Monday, March 29, 2010

The incentives of private medicine favor the patient; the incentives of government health care favor the bureaucrats

How best to describe the difference between private medicine, in which we seek out, "hire," and pay our own doctors, on the one hand, and a government-run public clinic system, on the other? Here are a few words of wisdom from a man who knew both systems:

"In a private fee-for-service medical system, a dead patient is a revenue loss. In the National Health Service (UK), a dead patient was a cost savings."

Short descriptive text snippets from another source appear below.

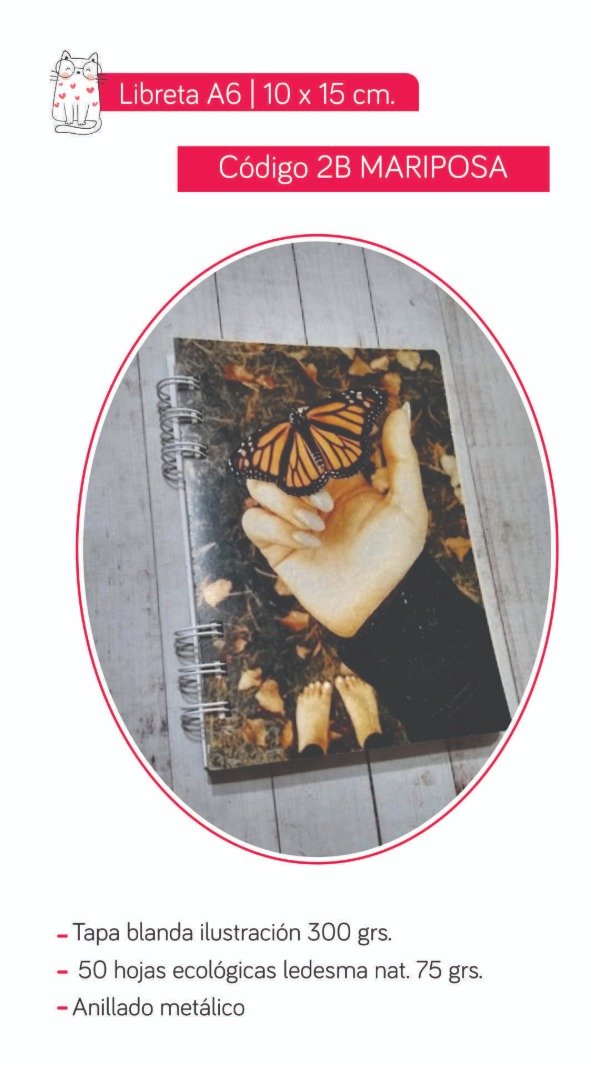 Producto - Libreta 2B Mariposa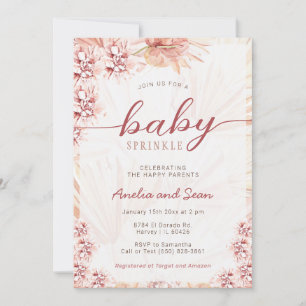 Boho Coed Baby Sprinkle Beige Tan Gender Neutral Invitation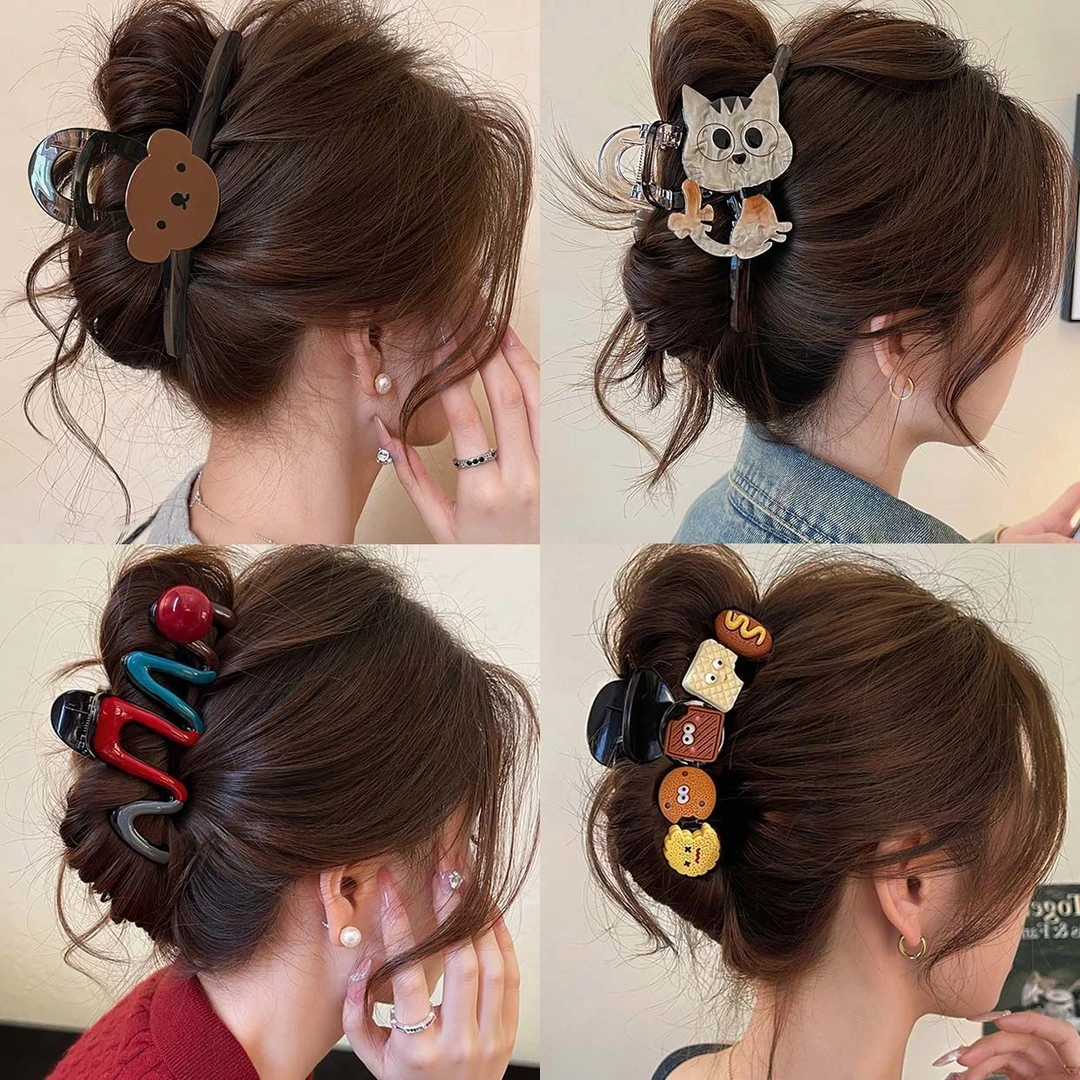 萌趣可爱小熊抓夹女2025新款高级感鲨鱼夹发夹后脑勺头饰盘发夹子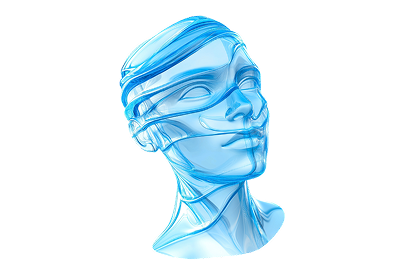 A floating user icon visualizing the personalization capabilities of AI technology.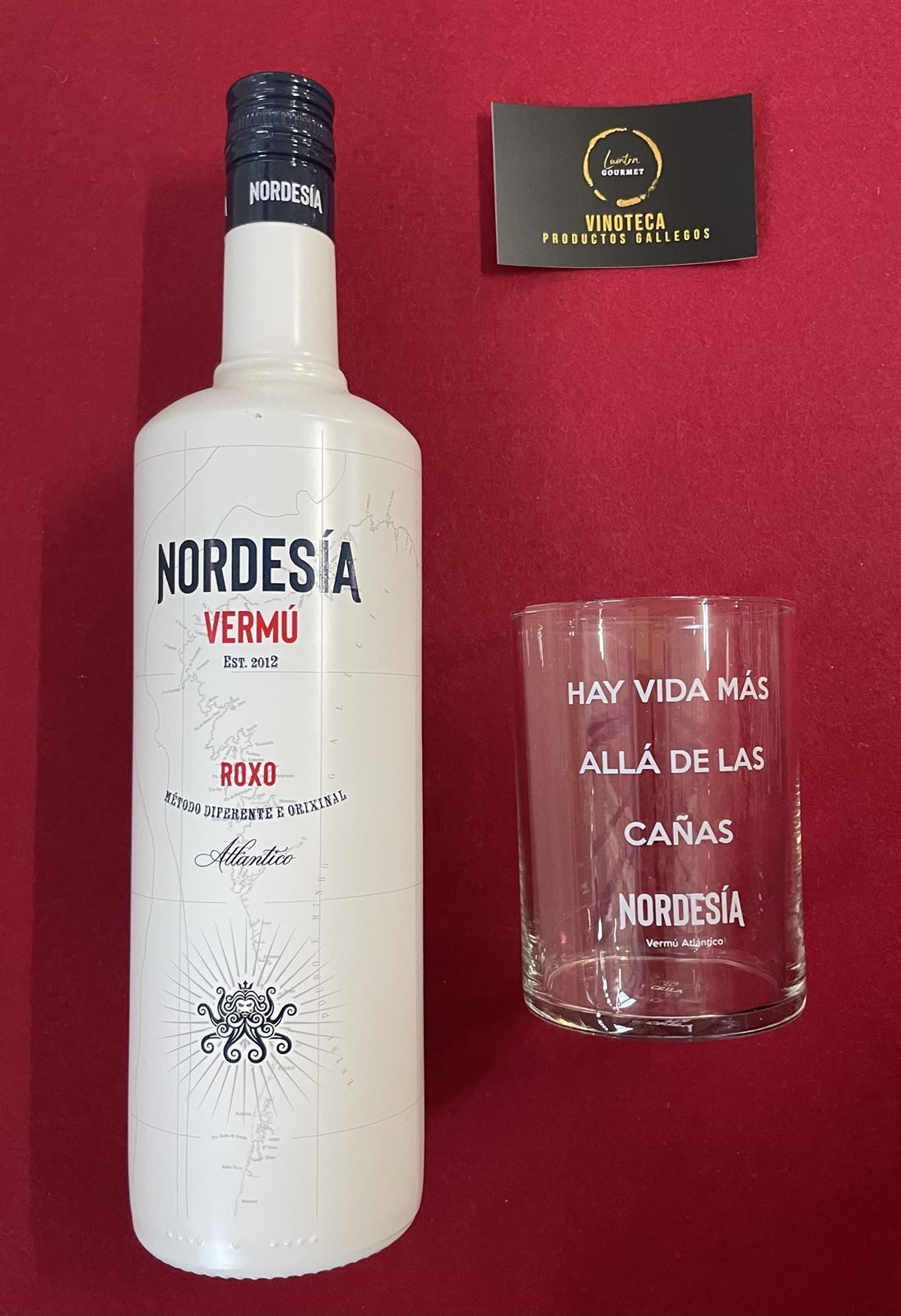 Vermu Nordesia Rojo 1L (con estuche y vaso) - Imagen 1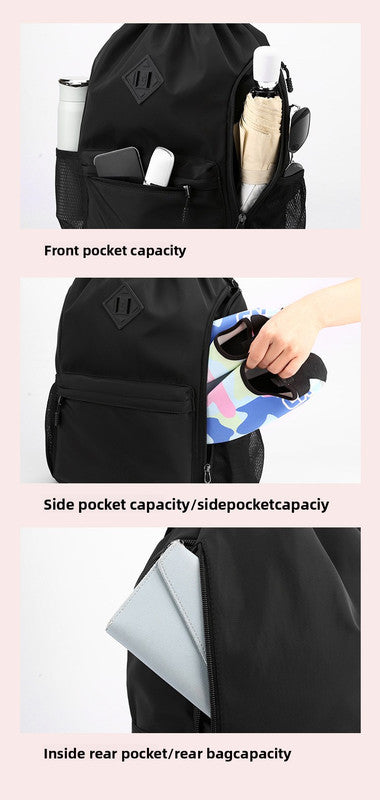 Large Drawstring Backpack Waterproof Gym Bag Lightweight Sports Sackpack with Zipper Pockets for Travel and Swimming navy blue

So said the late Harry Bailey, MD.

Who was he?

The above quote is from my late father. He had a very unique perspective on the practice of medicine, especially as it relates to the various delivery systems. He was born and brought up in England and entered medical school there in 1950, training under the National Health Service and graduating in 1956. He emigrated to the US in 1957 and went into private practice for 24 years, 8 years pre-Medicare and the period after until 1981, becoming a clinical instructor at Harvard Medical school and a US Citizen along the way. In 1982 he decided he wanted to give something back to his adopted country in gratitude for the wonderful opportunities it had given him, so he joined the US Navy at age 52 and served first as the head of the Radiology residency program (27 residents and the largest program in the military) and then Chairman of the Radiology Department at the Balboa Naval Regional Medical Center in San Diego until his retirement at the rank of captain in 1991.